*** Begin section ***

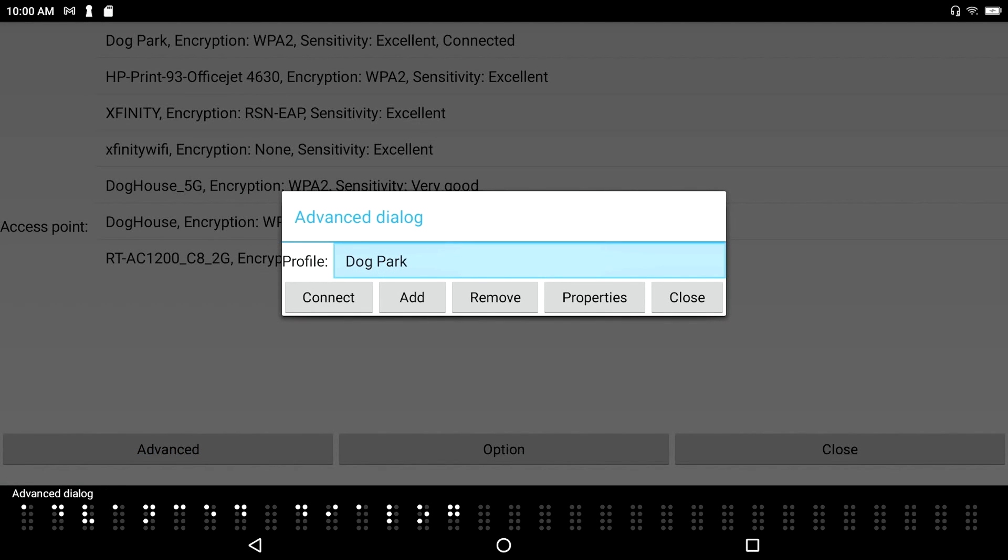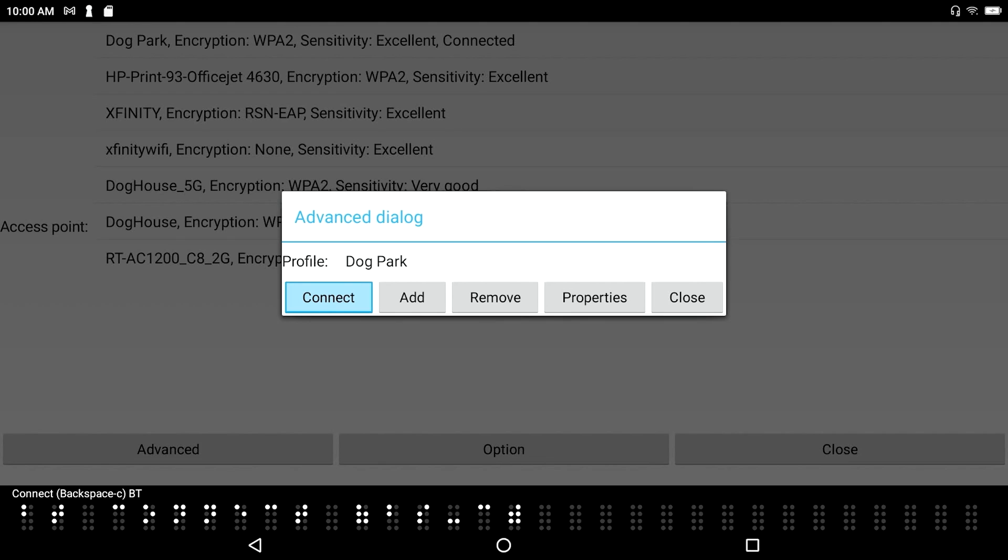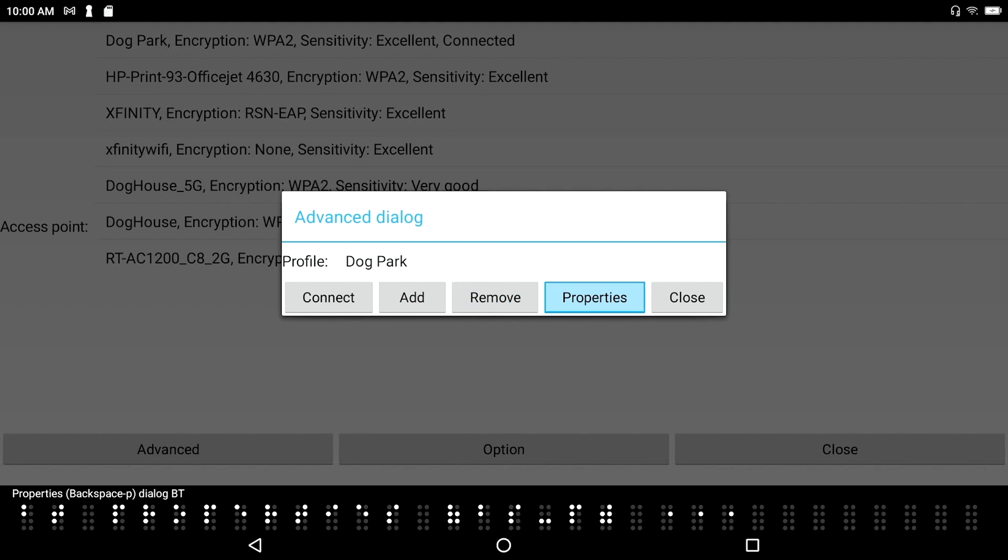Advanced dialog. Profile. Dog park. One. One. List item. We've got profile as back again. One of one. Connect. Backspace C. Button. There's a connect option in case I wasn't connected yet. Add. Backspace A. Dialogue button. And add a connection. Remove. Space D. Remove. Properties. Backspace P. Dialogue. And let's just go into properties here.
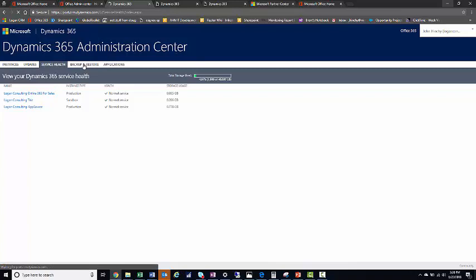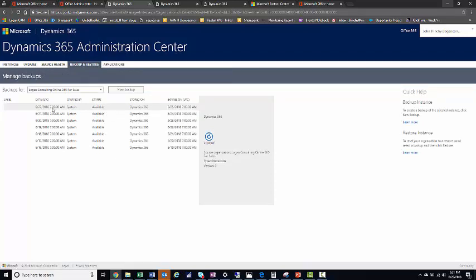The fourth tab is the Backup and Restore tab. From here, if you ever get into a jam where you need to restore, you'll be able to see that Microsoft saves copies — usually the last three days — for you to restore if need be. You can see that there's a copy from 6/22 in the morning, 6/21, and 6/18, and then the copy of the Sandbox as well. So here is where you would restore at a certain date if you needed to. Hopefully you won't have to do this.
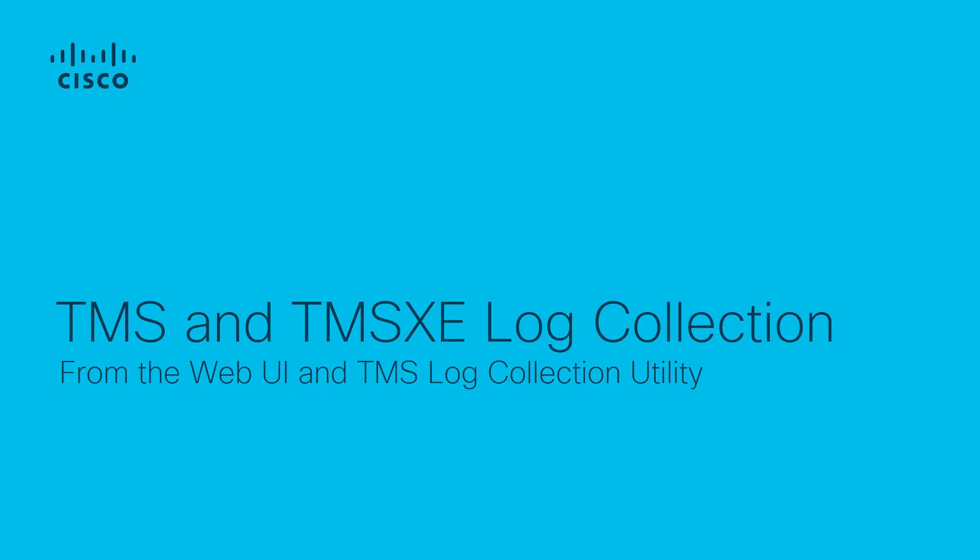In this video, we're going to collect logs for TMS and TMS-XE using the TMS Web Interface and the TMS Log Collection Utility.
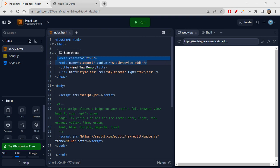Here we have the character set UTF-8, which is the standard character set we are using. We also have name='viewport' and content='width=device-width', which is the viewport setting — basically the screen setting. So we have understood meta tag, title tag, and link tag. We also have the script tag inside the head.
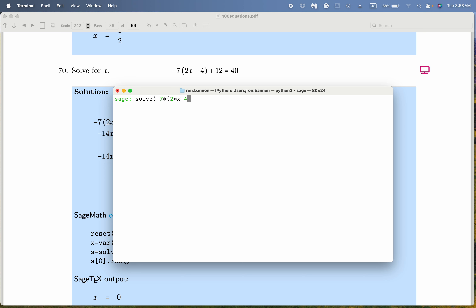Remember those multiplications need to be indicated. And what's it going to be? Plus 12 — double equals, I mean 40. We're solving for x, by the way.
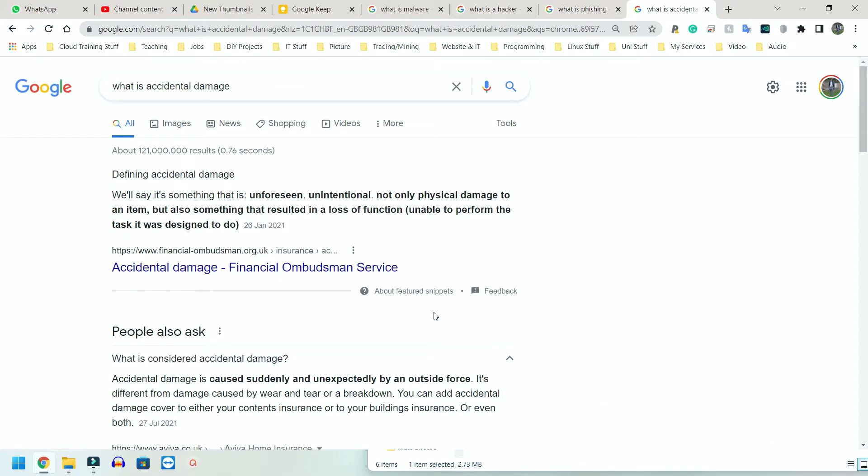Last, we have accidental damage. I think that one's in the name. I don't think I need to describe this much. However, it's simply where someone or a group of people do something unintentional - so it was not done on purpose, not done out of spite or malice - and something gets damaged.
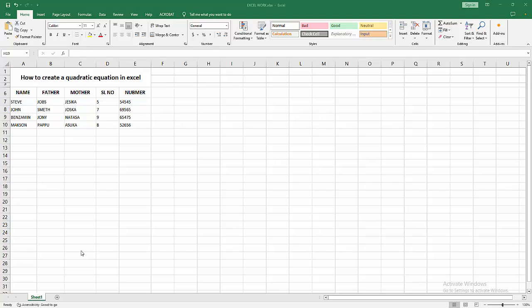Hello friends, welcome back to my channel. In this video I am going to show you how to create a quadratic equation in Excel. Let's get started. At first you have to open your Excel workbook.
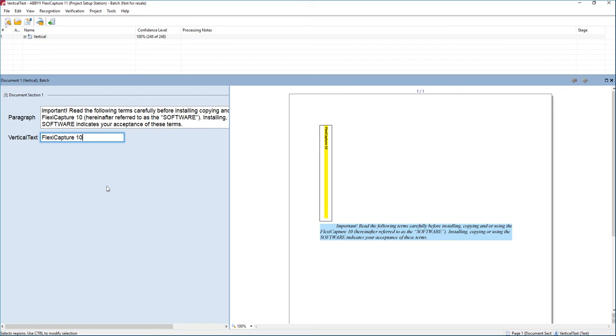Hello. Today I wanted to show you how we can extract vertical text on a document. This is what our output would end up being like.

*** End section ***
*** Begin section ***

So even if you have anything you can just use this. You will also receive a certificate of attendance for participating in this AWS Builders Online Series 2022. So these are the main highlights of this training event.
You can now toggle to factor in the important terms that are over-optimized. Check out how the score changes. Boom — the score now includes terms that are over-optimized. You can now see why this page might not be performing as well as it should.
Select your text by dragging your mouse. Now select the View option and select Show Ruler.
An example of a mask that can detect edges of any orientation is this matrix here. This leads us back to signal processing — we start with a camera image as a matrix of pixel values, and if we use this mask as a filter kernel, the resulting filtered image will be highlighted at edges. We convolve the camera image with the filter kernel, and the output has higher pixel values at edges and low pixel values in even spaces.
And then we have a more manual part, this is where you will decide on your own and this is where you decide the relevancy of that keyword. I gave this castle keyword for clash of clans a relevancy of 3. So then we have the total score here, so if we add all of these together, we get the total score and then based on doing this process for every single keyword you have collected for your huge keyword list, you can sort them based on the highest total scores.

*** End section ***
*** Begin section ***

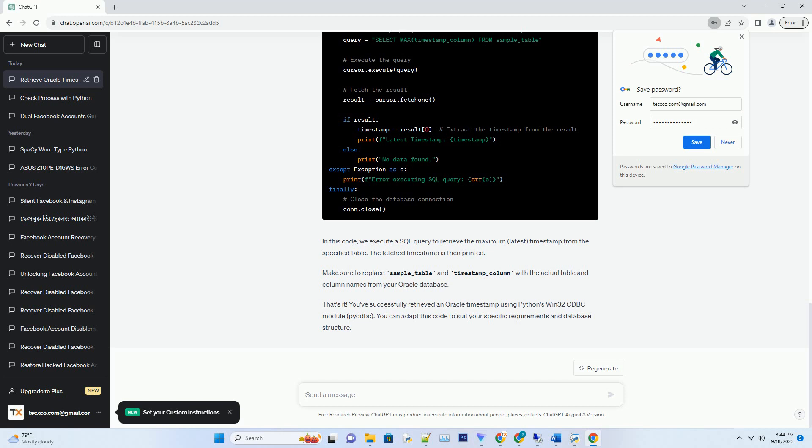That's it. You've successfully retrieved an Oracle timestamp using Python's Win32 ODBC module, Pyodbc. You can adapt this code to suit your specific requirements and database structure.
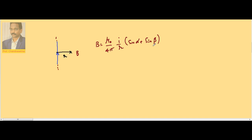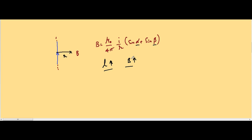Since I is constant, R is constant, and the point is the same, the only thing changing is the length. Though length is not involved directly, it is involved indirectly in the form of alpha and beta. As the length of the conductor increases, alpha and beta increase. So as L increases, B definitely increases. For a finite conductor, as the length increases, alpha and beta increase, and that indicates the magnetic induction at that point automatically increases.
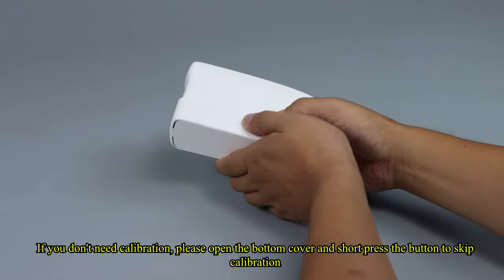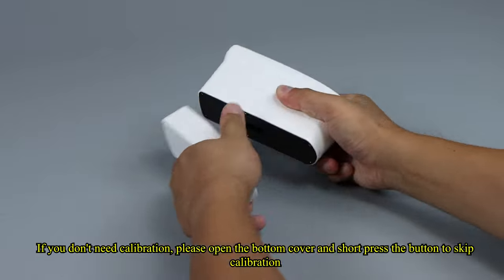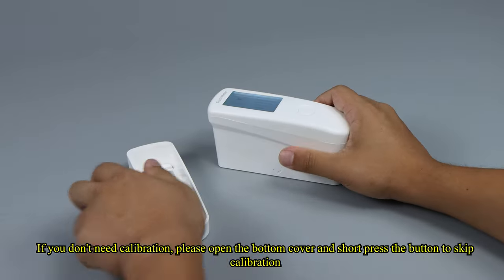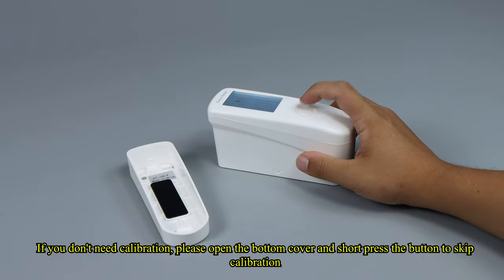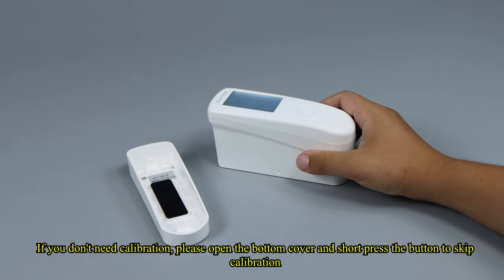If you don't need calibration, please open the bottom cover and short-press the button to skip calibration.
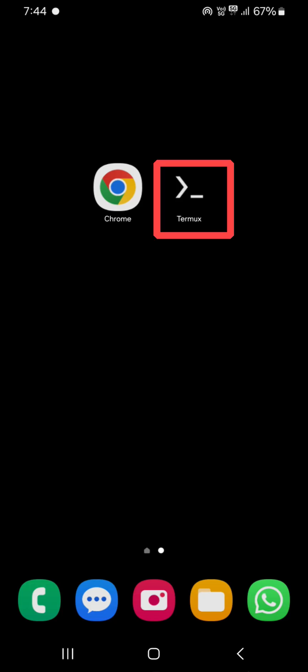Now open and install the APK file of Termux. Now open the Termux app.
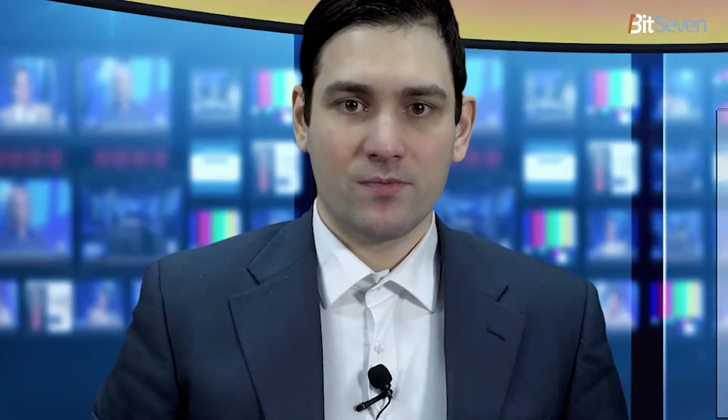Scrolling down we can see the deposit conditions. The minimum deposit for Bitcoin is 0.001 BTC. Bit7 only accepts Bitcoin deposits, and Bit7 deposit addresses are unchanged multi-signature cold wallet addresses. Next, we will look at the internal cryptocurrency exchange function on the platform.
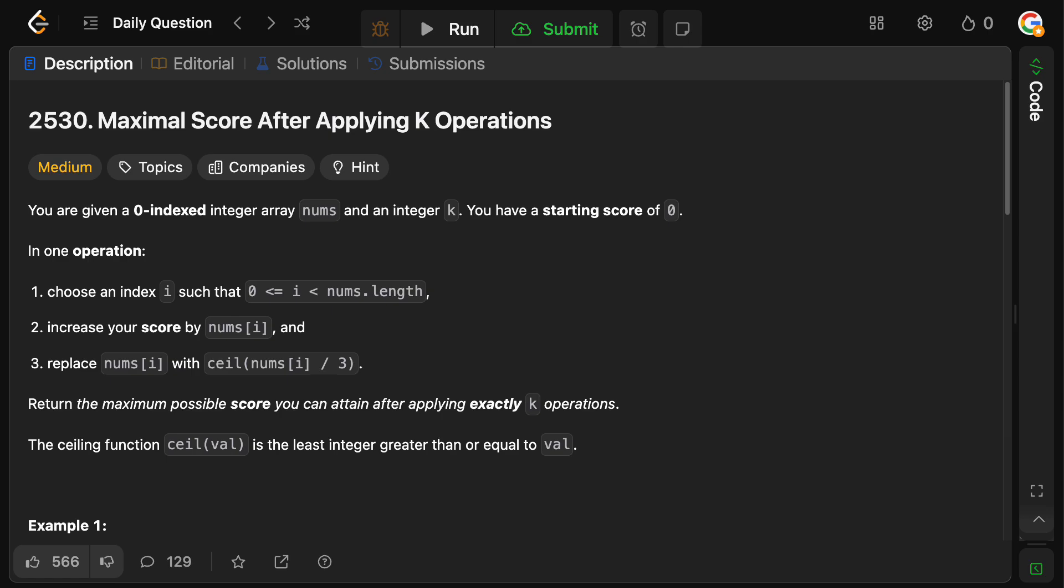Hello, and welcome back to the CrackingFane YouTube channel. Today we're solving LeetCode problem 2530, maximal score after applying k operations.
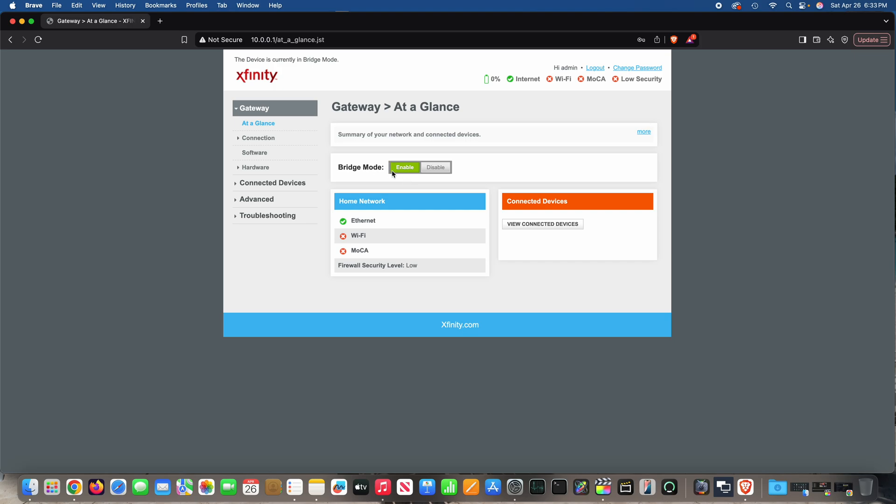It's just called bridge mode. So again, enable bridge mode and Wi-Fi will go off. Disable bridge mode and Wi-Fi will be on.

*** End section ***

* _Task prompt_: In the records above, everything from the line with "Now open and" down to the line with "It's just called" must be duplicated exactly, both lines kept. Leave no pictures in.

* _Answer for this exercise_:
Now open and install the APK file of Termux. Now open the Termux app.
Scrolling down we can see the deposit conditions. The minimum deposit for Bitcoin is 0.001 BTC. Bit7 only accepts Bitcoin deposits, and Bit7 deposit addresses are unchanged multi-signature cold wallet addresses. Next, we will look at the internal cryptocurrency exchange function on the platform.
Hello, and welcome back to the CrackingFane YouTube channel. Today we're solving LeetCode problem 2530, maximal score after applying k operations.
It's just called bridge mode. So again, enable bridge mode and Wi-Fi will go off. Disable bridge mode and Wi-Fi will be on.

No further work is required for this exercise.